Choi’s work is influenced by her experience as a young woman emigrating to the United States and the obstacles she encountered along the way. She states, “I am interested in portraying the human aspiration in life with organic forms from the new perspective I had about myself in a foreign country”. The flameworked sculptures juxtapose grid-like structures consisting of clear thin rods of borosilicate glass which enclose imagery of ladders and puffy clouds. Choi incorporates these familiar objects as formal motifs in her work. The rigid structures represent the barriers that we face all around us, while images of clouds represent our aspirations and goals in life. In the words of the artist, ladders are man-made tools used to assist or aid an individual, to physically raise them to a higher level that one would be incapable of achieving on their own.

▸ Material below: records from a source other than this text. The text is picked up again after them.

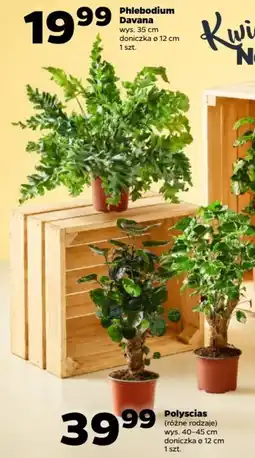 Netto Phlebodium Davana oferta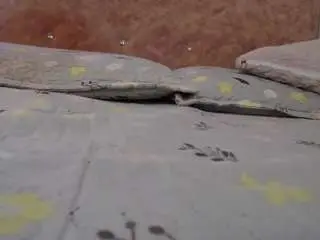 Camsoda Adult Webcam of solpeich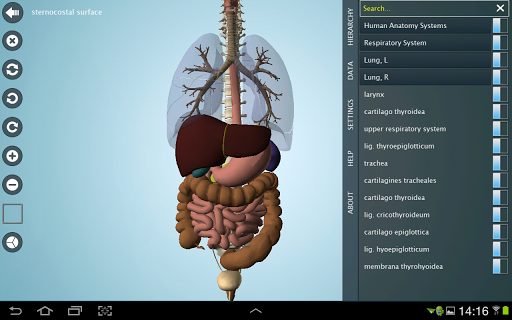 【免費醫療App】Male Anatomy 3D - Anatronica-APP點子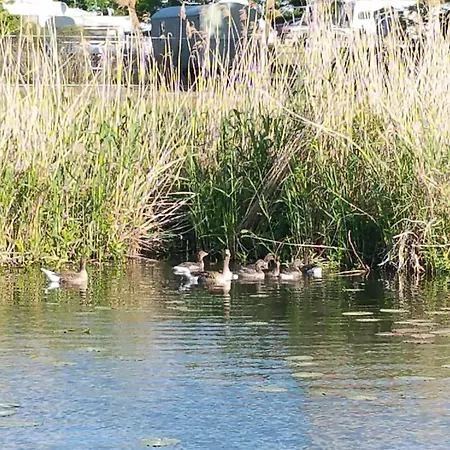 Traumhaus-auf-dem-wasser-modernisiertes-hausboot-13-x-4-m בית נופש *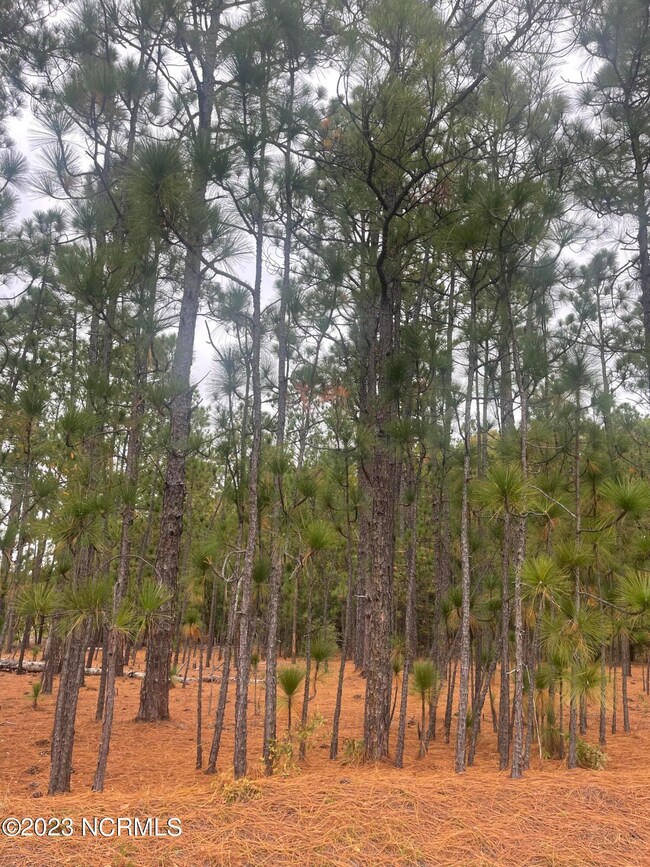 0 Boyd Lake unit 100412372, Hamlet, NC 28345 - photo 3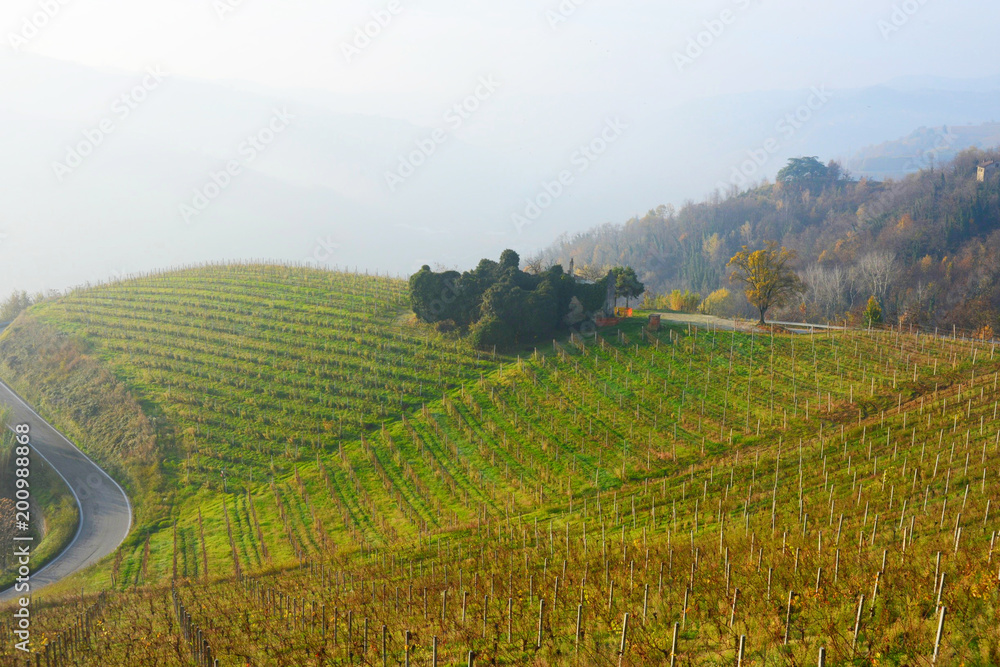 イタリア、ワインの里ピエモンテの風景 イタリア、ワインの里ピエモンテの風景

Convergence of Barrier IV is a large geometric sculpture consisting of precise, angular grid lines meeting at a single apex forming a triangular structure. Inside, two ladders stretch up and into the clouds. The Limited Barrier I is more fluid and organic. The square shaped structure consists of an outward rectangular grid. Looking inward, the grid becomes less rigid and more chaotic. A ladder inside is twisted and broken, falling to the ground.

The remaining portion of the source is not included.